Shorta (2020)

„W ciekawych czasach przyszło nam żyć” – pomyśleć można opierając swój światopogląd w głównej mierze na doniesieniach z mediów głównego nurtu. „Islamizacja Europy!”, „Szwecji już nie ma”, „Kupując kebaba osied…” dobra, stop! Po której jednak stronie barykady, by nie stanąć wiemy, że Europa bardzo się zmieniła. Nie mówię, że to źle, nie mówię, że to dobrze, po prostu tak jest. Dlatego też do nakręconej przez duński duet twórczy Andersa Ølholma i Frederika Louis Hviida podchodziłem z odpowiednim dystansem.

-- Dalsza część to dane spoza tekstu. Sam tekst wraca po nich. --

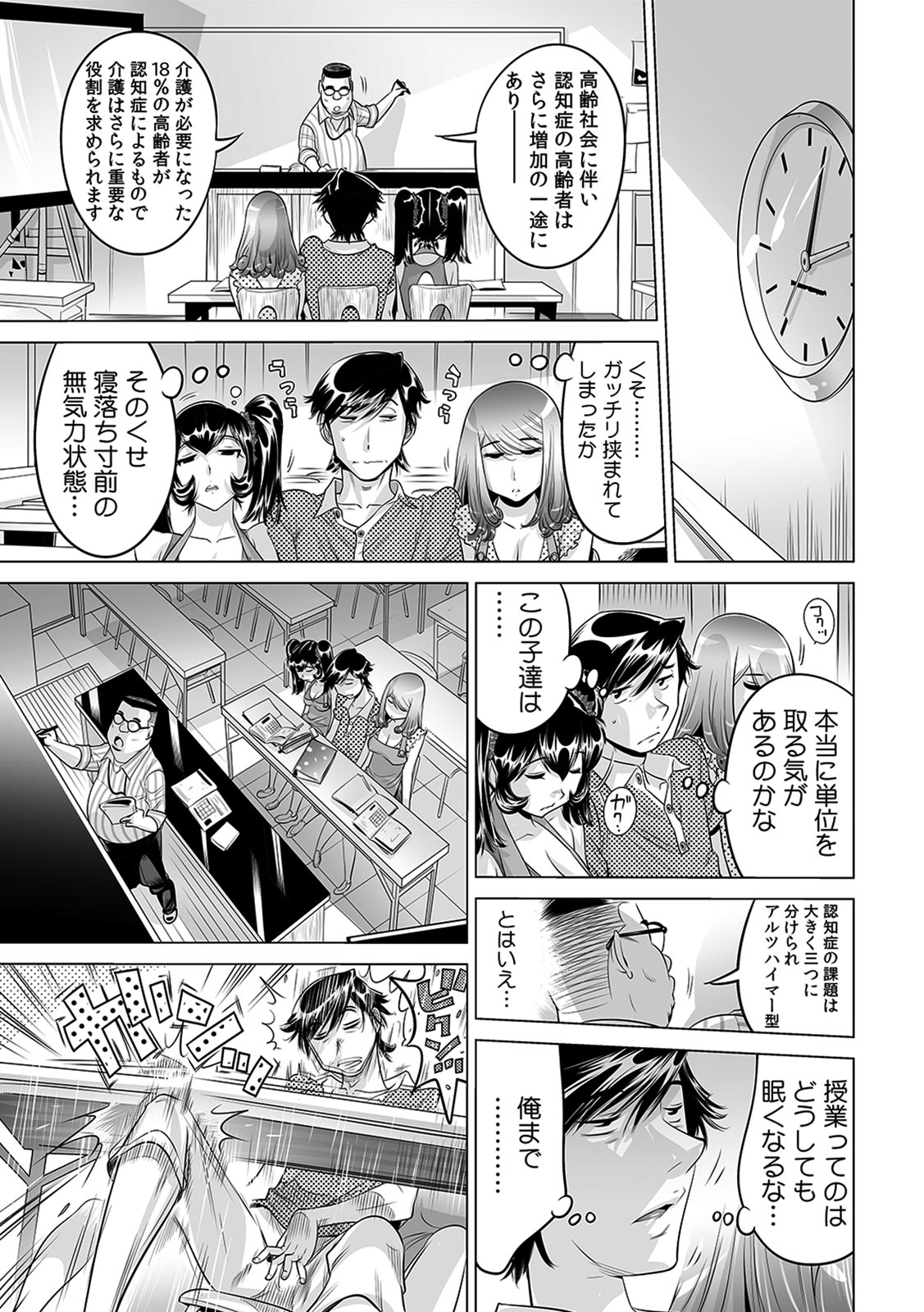 [なめぞう] うっかり入っちゃった！？ 従姉妹と密着ゲーム中（１６）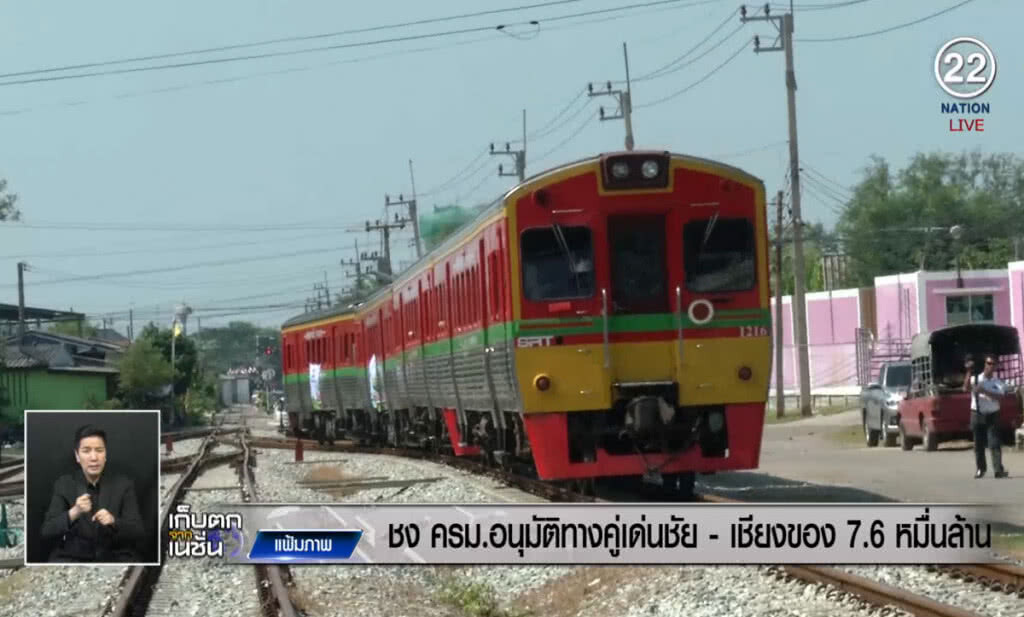 (คลิปข่าว) ชง ครม.อนุมัติทางคู่เด่นชัย-เชียงของ 7.6 หมื่นล้าน (คลิปข่าว) ชง ครม.อนุมัติทางคู่เด่นชัย-เชียงของ 7.6 หมื่นล้าน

Bo kręcąc film o napiętej sytuacji eskalującej w konflikt rozgrywający się w fikcyjnej dzielnicy stolicy Danii łatwo wpaść w stronniczość. W końcu zawsze to łatwiej jest dać widowni jasno określony czarny charakter i bohatera, któremu musimy kibicować. I nie, nie pomyliliście się, w Shorcie tymi złymi są zastępy śniadych imigrantów, którzy na zawłaszczonym dla siebie kawałku Europy trudnią się wszelakimi nielegalnymi interesami.

Na szczęście twórcy dość sprawnie kreślą nam szerszy kontekst całego konfliktu między mieszkańcami getta, a patrolującymi okolicę gliniarzami – „shorta” to arabskie, obraźliwie określenie właśnie na stróży prawa. Do tego historia zaczyna się tuż po śmierci przetrzymywanego w policyjnym areszcie śledczym imigranta, który zakatowany zostaje właśnie przez niebieskich. W sumie film otwiera brutalna scena, w której okładany przez policjantów chłopak krzyczy „nie mogę oddychać!”.

Ale Shorta nie jest przecież filmem dokumentalnym o napięciach społecznych współczesnej Danii. To przede wszystkim pełne napięcia, mocne kino! Zamieszki, jakie wybuchają w arabskiej dzielnicy, są dla dwójki policjantów nie tyle testem sprawdzającym ich przygotowanie do radzenia sobie w trudnych warunkach, a raczej oczyszczającym zerwaniem z siebie moralnych łańcuchów i testem na człowieczeństwo w czasach chaosu.

I działa to wszystko tak dobrze, że aż trudno jest nam uwierzyć, że film jest dziełem debiutanckim! To, z jaką gracją twórcy potęgują wszechobecne napięcie na pozór nieistotnymi wydarzeniami, robi ogromne wrażenie. A kiedy nieunikniony wybuch ma w końcu miejsce, historia zaczyna gnać przed siebie na złamanie karku, oferując cios kołkiem za każdym winklem szarego bloku. Do tego to, jak wizualnie ograna jest historia, wykorzystując grę światłocieni, drugi plan czy dynamiczną pracę kamery podkręca tylko kipiący suspens.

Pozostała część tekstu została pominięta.